SUPPLIED DATA
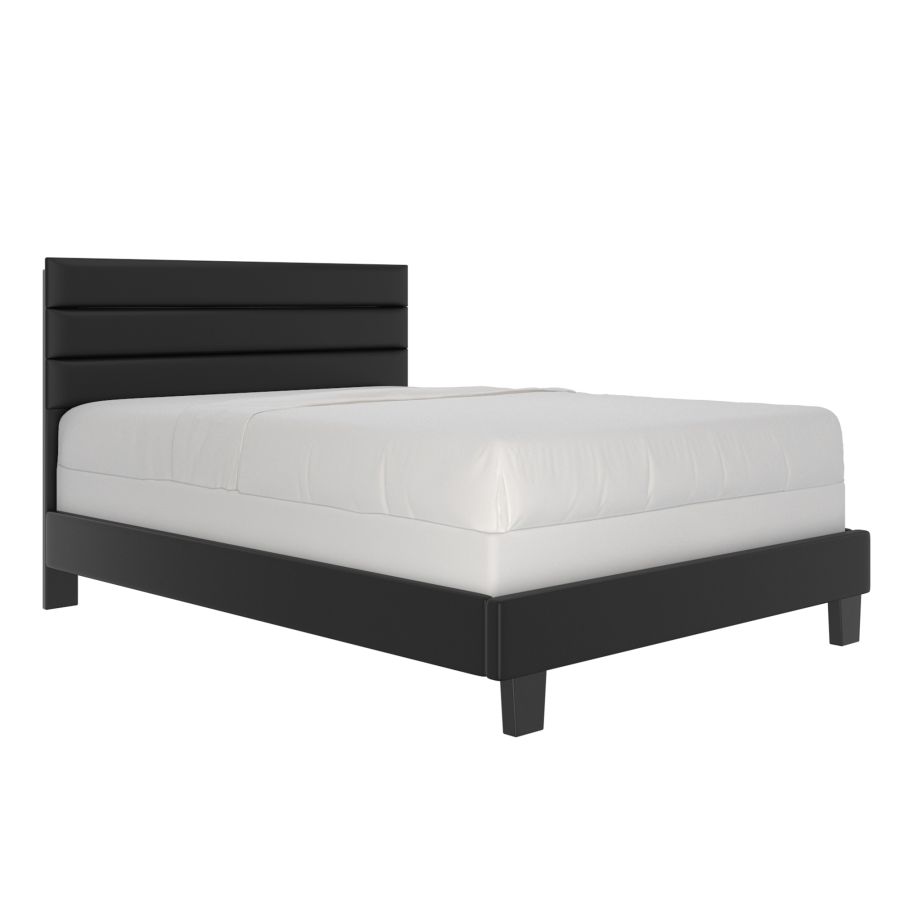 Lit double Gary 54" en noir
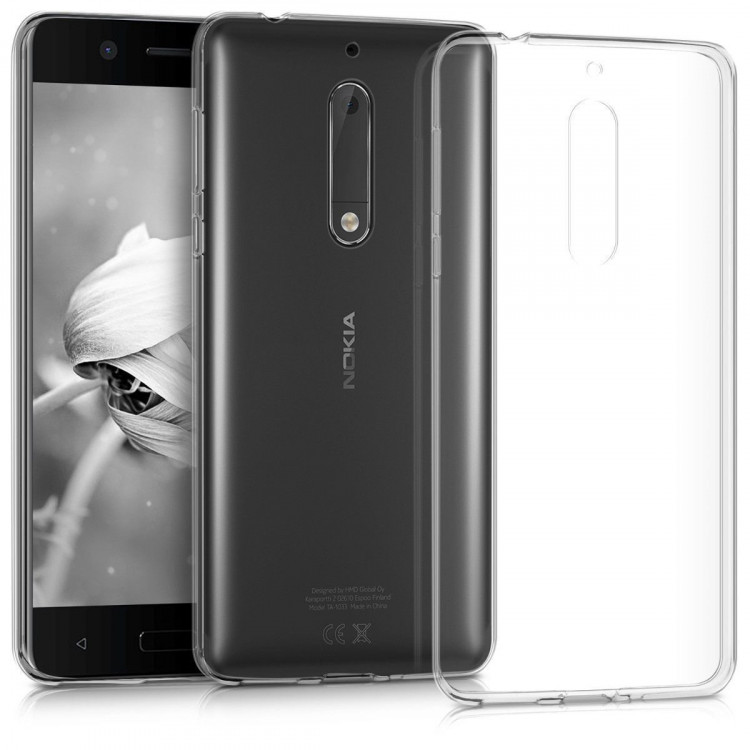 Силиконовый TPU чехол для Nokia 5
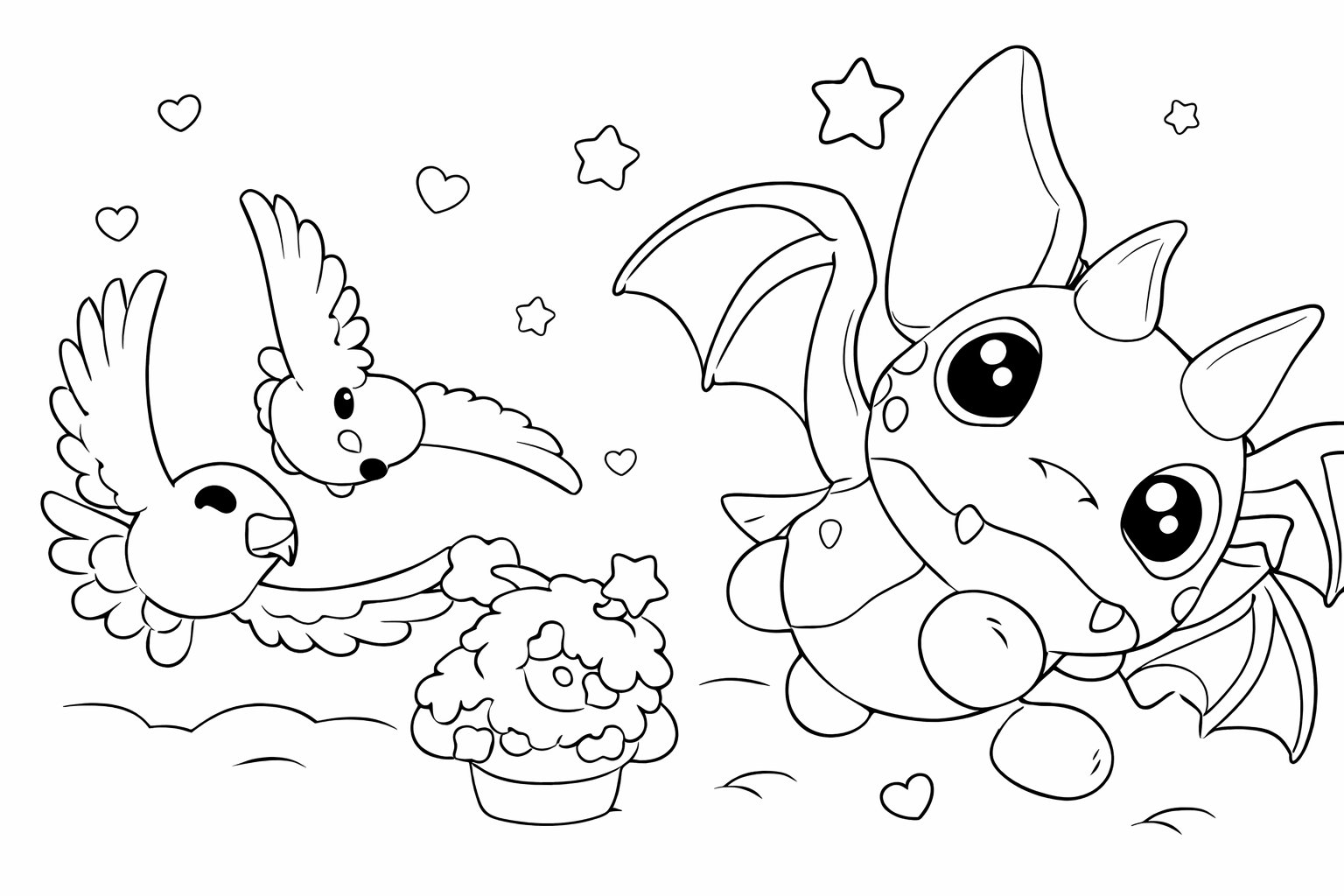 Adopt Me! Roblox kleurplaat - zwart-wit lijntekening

TASK BRIEF
Transcribe the data verbatim. No picture belongs in the result.

COMPLETED TASK
 Lit double Gary 54" en noir
 Силиконовый TPU чехол для Nokia 5
 Adopt Me! Roblox kleurplaat - zwart-wit lijntekening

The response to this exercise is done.